Lawman Max Payne arrives home one night after work to find that some addicts high on a new drug have invaded his house and killed his wife and child. What follows is a tale of a man with a vengeance unlike any other as he sets out on a suicide mission to avenge their deaths and take out those responsible. The games biggest draw is “bullet time,” a revolutionary new way to make sure the gamer is always at an advantage. Pressing the button to activate this feature slows down all of the surroundings around the player but allows them to continue aiming in real time. Taking out a room full of bad guys has never been so mesmerizing or as fun making the game worth the price of admission for this feature alone.

Very little has been lost from the translation to the Xbox. While a PC may offer a higher resolution, this seems to be the only noticeable difference between the two. The 3rd person perspective is great and rarely does the camera get in the way of things. (*cough* Tomb Raider *cough*) Going into bullet time gives the player a near-dream like state with an engrossing blur effect and outstanding detail. Be looking for accurately modeled bullets that can be seen flying from the barrel of your gun (or guns) right into the bodies of your unfortunate opponents. The environments are dark and sparsely detailed, perfect for the games grim setting. Oh yeah, it’s really bloody too.

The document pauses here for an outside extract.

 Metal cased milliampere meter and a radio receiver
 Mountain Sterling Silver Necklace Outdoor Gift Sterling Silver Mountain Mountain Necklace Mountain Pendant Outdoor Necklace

Very little music accompanies the actual gameplay with the vast majority saved for the cinemas. Ambient music from radios or TV’s is the most you’ll get while blasting enemies into bloody pulps. But honestly, there are so many guns blazing, people screaming, and shells hitting the ground, music would only get in the way. Be listening for some hilarious clips coming from televisions and some conversations from the gangs that are probably the best part of the sound (The John Woo reference is truly priceless).

Some players may find the 2 dream sequences annoying, and I can only agree. These segments are frustrating with their ridiculous platform jumping and maze sequences, plus the non-stop screaming of your wife make these segments a couple that should’ve been deleted. The first sequence nearly requires a strategy guide or players will be wandering for hours though the ever-extending hallways. Looking past these two problems, the game is practically flawless in its level design and character development. The Xbox also allows for instantaneous loads and saving is possible whenever YOU want it, not when you finish a level or find a save point.

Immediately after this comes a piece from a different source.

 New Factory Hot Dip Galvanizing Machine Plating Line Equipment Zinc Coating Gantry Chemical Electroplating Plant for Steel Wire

The game is somewhat short (roughly 6-8 hours) making it a tough purchase even at the Platinum Hits price point, but there’s is no doubt that this is a must play. Action movie fans will love the bullet time feature, gamers will love the story and, well, they’ll like the bullet time too. The graphics are dead on, the sounds are outstanding, and the control couldn’t be more precise. You can’t ask for much more than that from a video game.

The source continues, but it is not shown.